The solution I am pursuing is using a configuration file (or mapping file) to map particular XML text nodes to fields in a database and focusing on 1-1 mappings first and ignoring runtime constants (such as surrogate keys) until everything else works. There are limitations and does nothing about forming triggers or procedures based on the XML data. I don't plan on supporting them, so the problem is solved.
As of now the generic tool is not completed from end to end (from reading the mapping file, validating the mapping file, checking for mapping for semantic errors, forming and executing the SQL queries, defining runtime constants). In the future this post may be updated or new posted be created with additional information on the process.
Comments and constructive criticism are welcomed in the comments.
PHP Lib Testing
Lately the PHP has gained a few units tests. I know usually the tests are done while the code is being developed and there is less to gain by writing tests after the fact, but the point it to help future development. The whole library is not completely cover by test cases, but it in progress. Currently, I received some consultant work to do and so increases the unit tests will have to wait a while.
PHP lib
I created a PHP library for my Master's PILOT and had been debating on whether to release it to the public in a GPL license. I finally realized that there are many others PHP libraries out there with many more features and proven uses and so the chances of my library being used in any significant way is small. So why release it then? It might teach someone something and would increase the quality of the library with potential public eyes on it. I spent some time creating a script that automatically creates an tarball of the latests version from the repository and can be found at download.whedimer.com/snapshot/wlib_php. Stable releases will eventually come.
Criticism on the library is welcome so long as the language used is civil and specific towards a particular aspect (no vague or general criticisms please). Keep in mind I have little professional experience and so keep your expectations low.
Purpose
Welcome to the Whedimer blog. Expect to find posts recording my efforts in computer programming and documentation. While there are many development blogs out there the goal is not to compete with them.
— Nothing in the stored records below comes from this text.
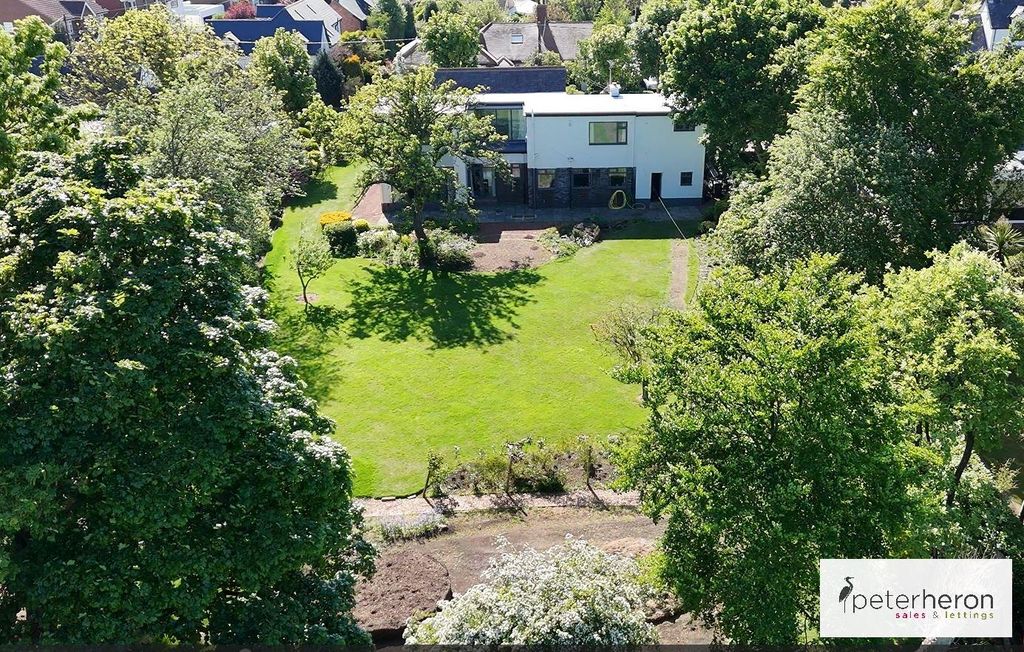 Additional image 38 of 4 bed detached house for saleWest Meadows Road, Cleadon, Sunderland SR6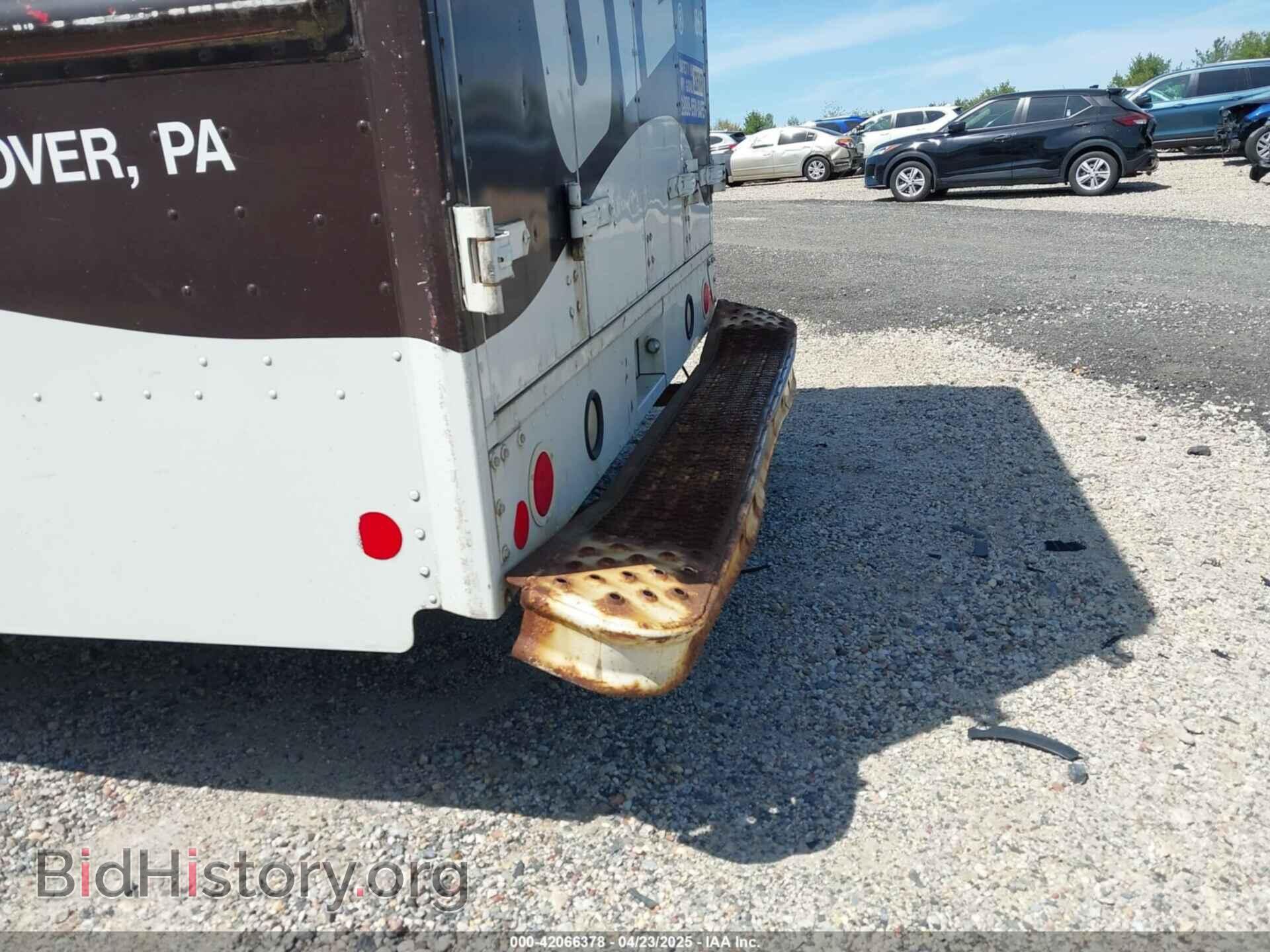 2010 FORD E-350 STRIPPED - VIN: 1FC2E3KL5ADA44041 - Photo 21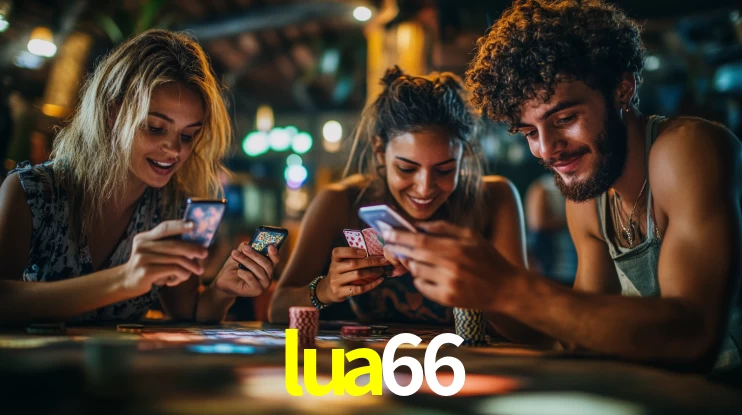 Live Casino lua66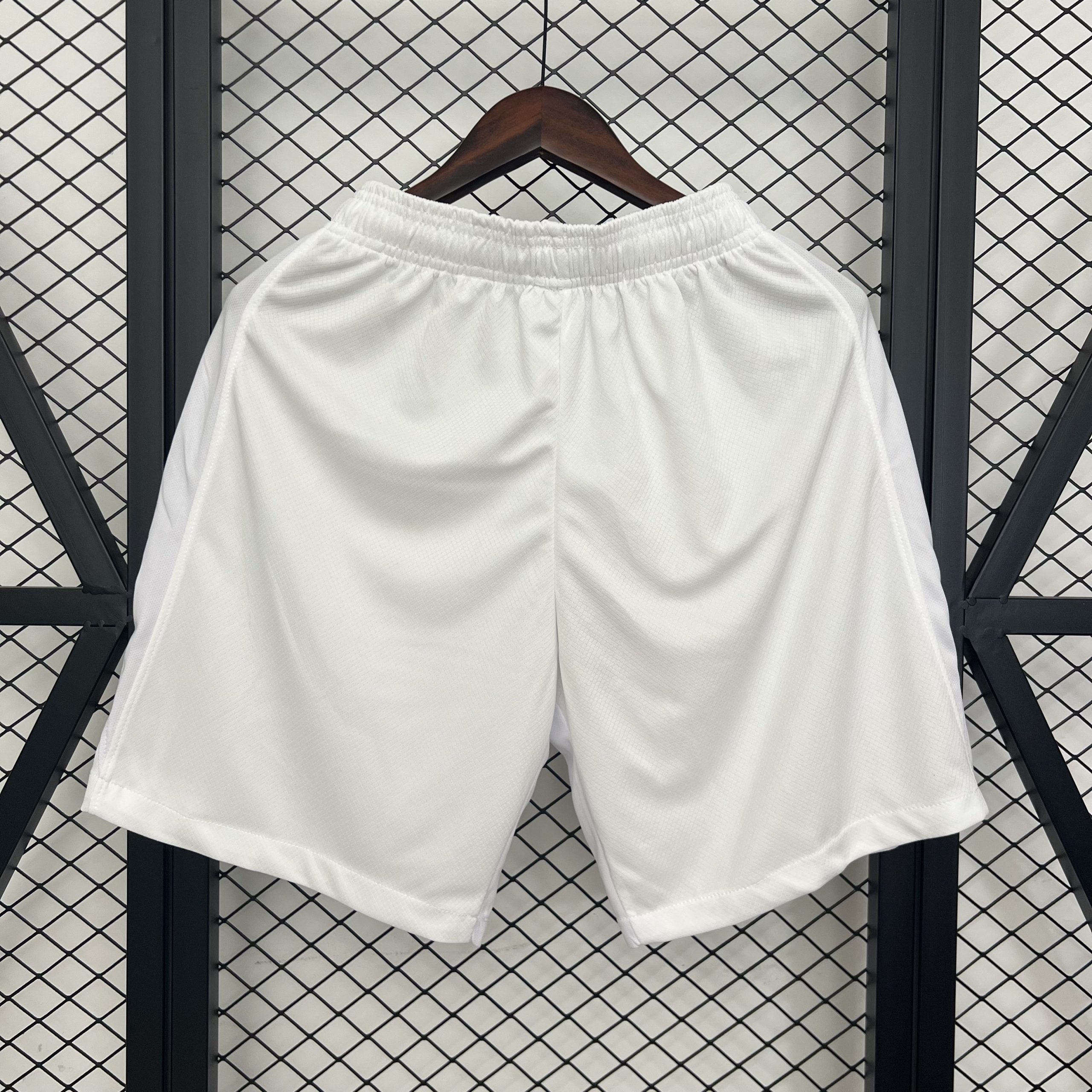 Inter Milan Soccer Shorts Custom Away 2025/26 - Image 2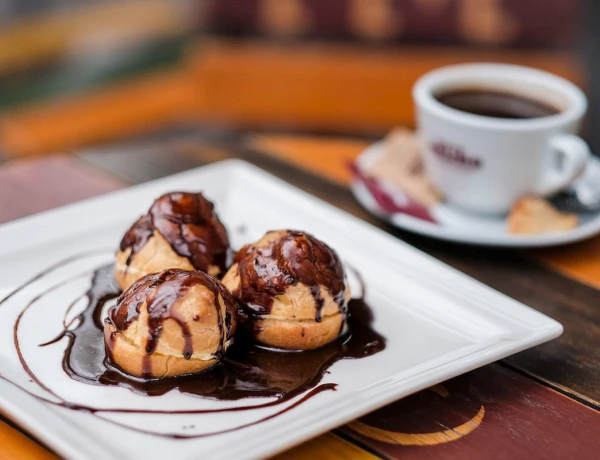 Իմպրեսսո Քոֆիշոփ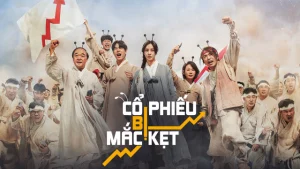 Cổ Phiếu Bị Mắc Kẹt Stockstruck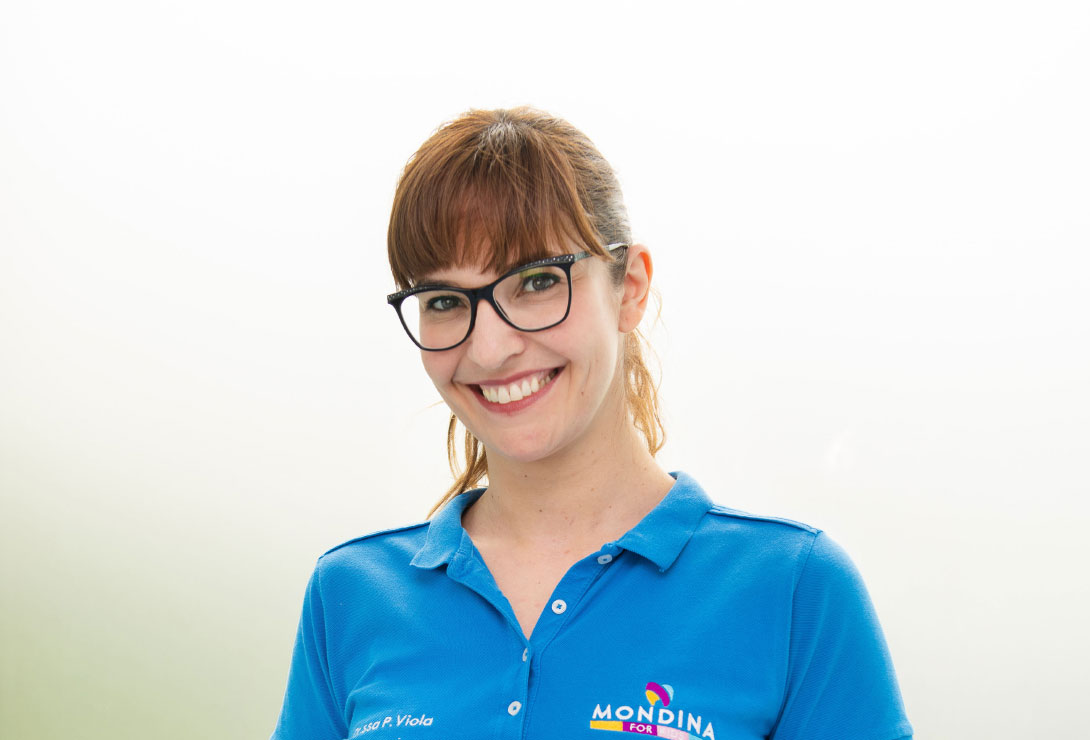 Dott.ssa Patrizia Viola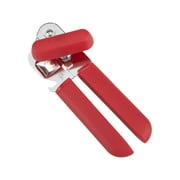 GoodCook Pro Manual Stainless Steel Can Opener with Chrome Finish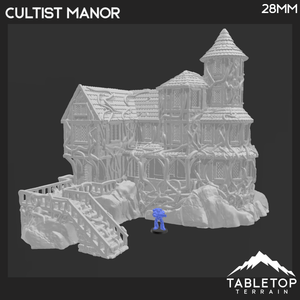 Cultist Manor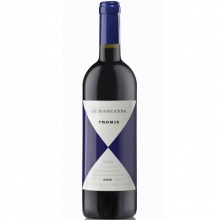 嘉雅酒莊歌瑪達園普羅米斯干紅葡萄酒 Gaja Ca'Marcanda Promis Toscana IGT 750ml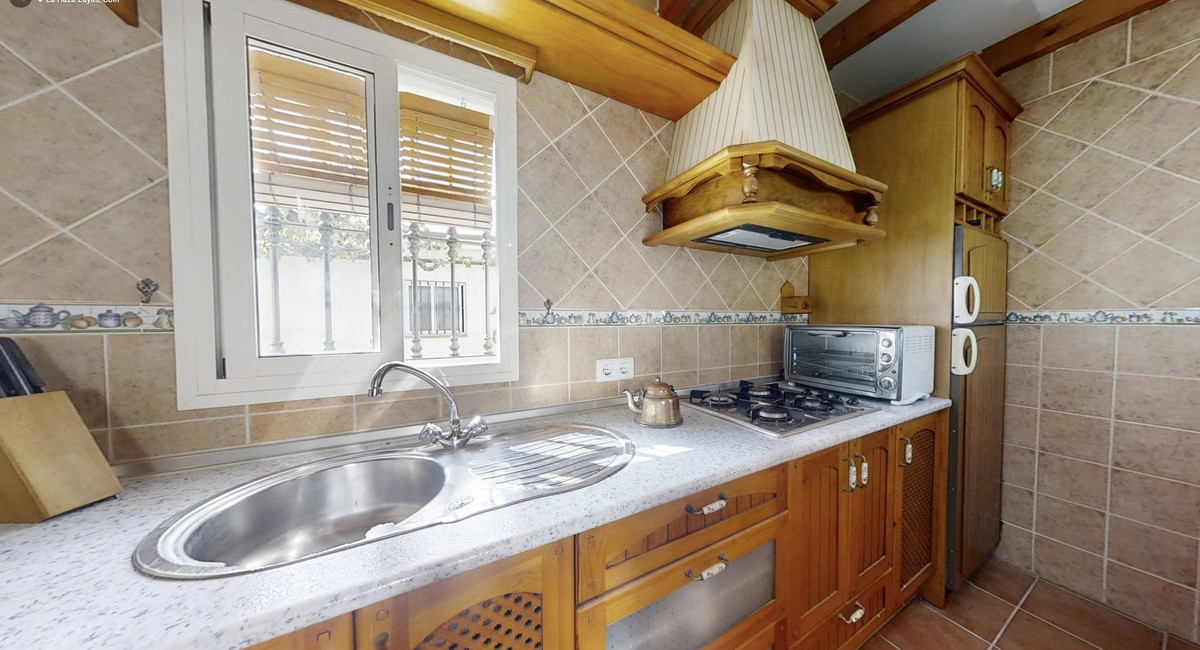 Finca - Cortijo te koop in Coín | 1 slaapkamers H5077327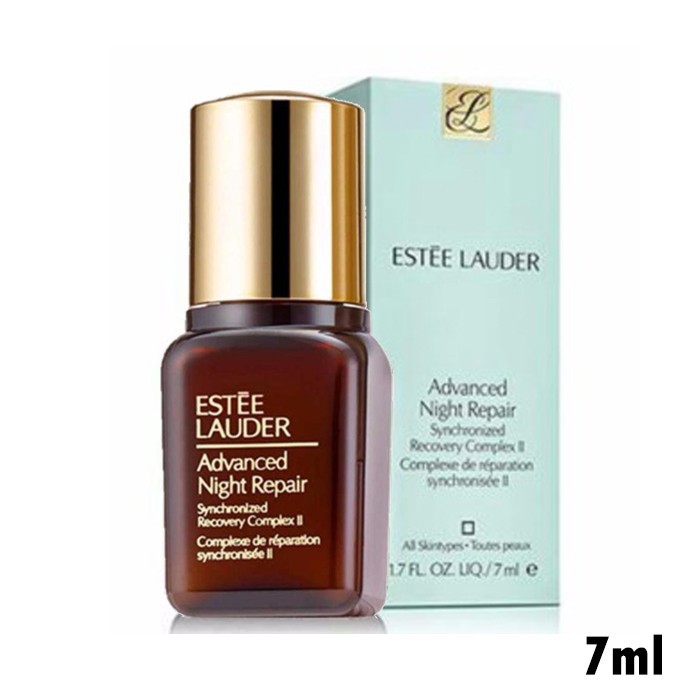 estee lauder serum 7 ml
Nearly all of the good development and tech blogs out there are authored by people with a decent amount of professional experience. However with the case of this blog, the author is one with little professional experience. Some facts about the author:
- graduate and undergraduate degree in computer science
- two internships (one software engineering, one research) and one graduate research assistantship
- liberal arts education
- web development experience (graduate school work)
Expect addional posts convering various topics in the future.
PHP Lib Fully Commented
The first round of commenting for the PHP library is now complete. More commenting is needed to bring it up the the standards that I think are nescessary to call the code "well commented". All the classes, instance variables, methods and functions have autodoc comments. For those who might wonder why the commenting is happening after the writing of the code, it was simply a matter of time. The code was written as part of my Master's project and so proper code standards were ignored to focuse on the problem I was working on. The same sort of thing will happen with automated testing, which is currently being worked on.